Well, I had pretty much finished a post talking about how Takács, in an otherwise massive entry in his monumentally impressive dictionary of Egyptian, missed a crucial Semitic cognate for mr, ‘pyramid’ – “[o]ne of the most enigmatic words from an etymological viewpoint” – in Akkadian amaru, “pile of bricks.” This seemed pretty important, and I was excited to write about it. I even did a PDF search, just to make sure Takács hadn’t already covered it. As I’m finishing up my post, I was looking back through the discussion of mr, and somehow stumbled upon an entire section I had missed that indeed mentions amaru. No idea how I missed it, either…it was one of the very first sections.

Anyways, I don’t have much to add to this, other than the slightly interesting fact that ziggurats – the well-known Mesopotamian stepped pyramids – were made of baked mud bricks; whereas the Egyptian pyramids were limestone blocks. Thus, the Mesopotamian amaru and Egyptian mr are even more analogous than thought, in terms of basically meaning the same thing to the respective cultures (that is, Egyptian pyramids as “piles of stone blocks”).

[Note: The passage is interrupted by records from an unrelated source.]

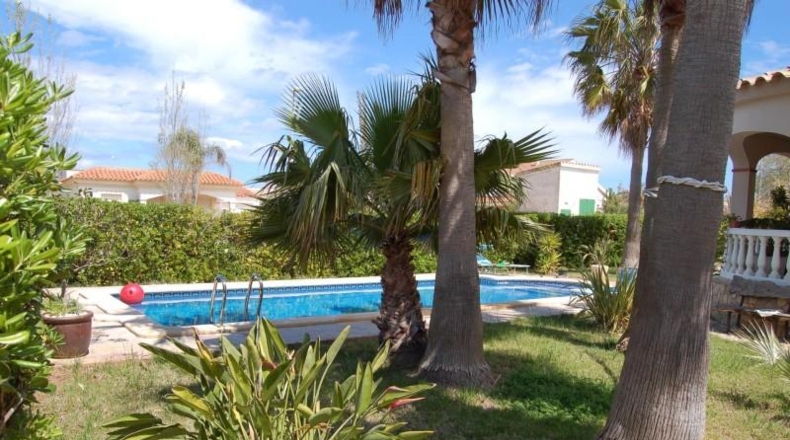 Tarragona - Deltebre - 713m2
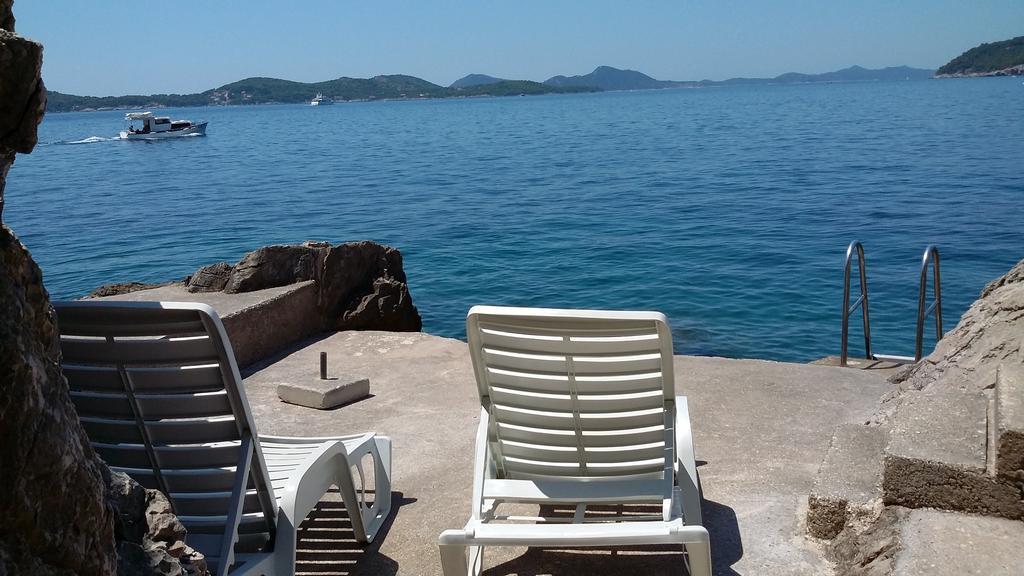 Apartments Bajo - Free Parking Dubrovnik Extérieur photo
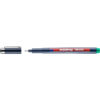 Liner Edding 1800, desen tehnic, varf 0.7 mm, negru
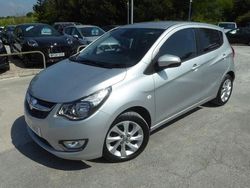 Used 2016 Vauxhall Viva | £5,995 (Fair price)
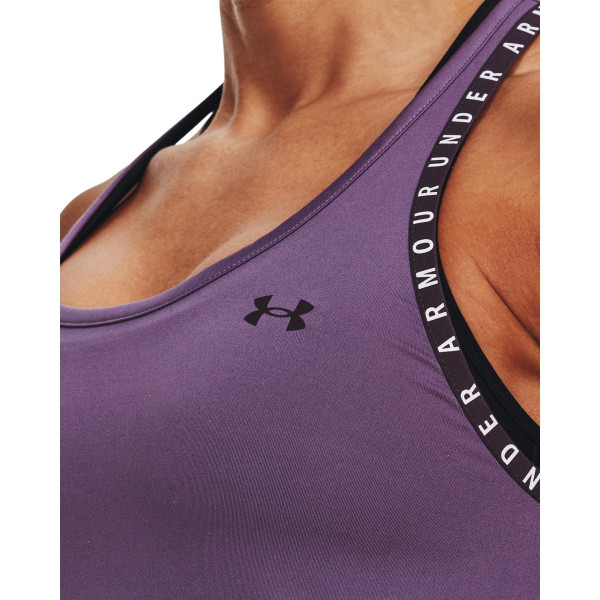 Women's UA Knockout Tank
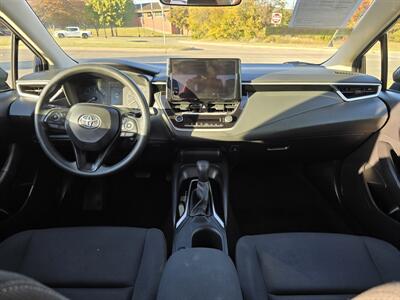 2024 Toyota Corolla LE - Photo 16 - Garland, TX 75042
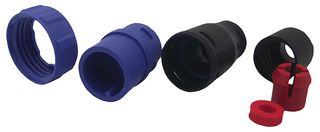 BULGIN LIMITED PX0410/10P/6065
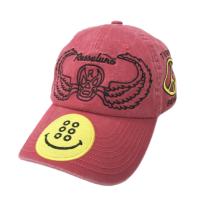 RUSSELUNO ���b�Z���m  �L���b�v �_���[�W���H �}�X�N�}�� ���`��  ���b�h�n �����N�FB �y���Áz�S���t�E�F�A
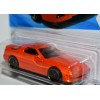 Hot Wheels -1989 Mazda Savannah RX-7 FC3S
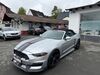 Ford Mustang oberheimbach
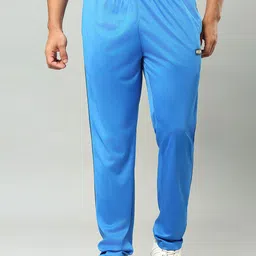 Black Panther Men Mid-Rise Track Pants-image-88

Also, Takács cites Biberstein Kazimirski, Albright and others have appealed to another apparent Semitic cognate of amaru: Arabic ˀamārāt, either interpreted as “pierre qui indique la route” – that is, marker stones to indicate routes – or as “pyramidal heap of stones” (Albright). Although somewhat insightful, this is a contextually-dependent definition, Albright noting correctly that ˀamāra is “properly ‘mark, sign'” (Albright 1927: 218). But interestingly, in Genesis 31, Jacob makes a “heap” (גל) of stones as something of a stele – a boundary marker (31.52), and a sign of his “treaty” with Laban.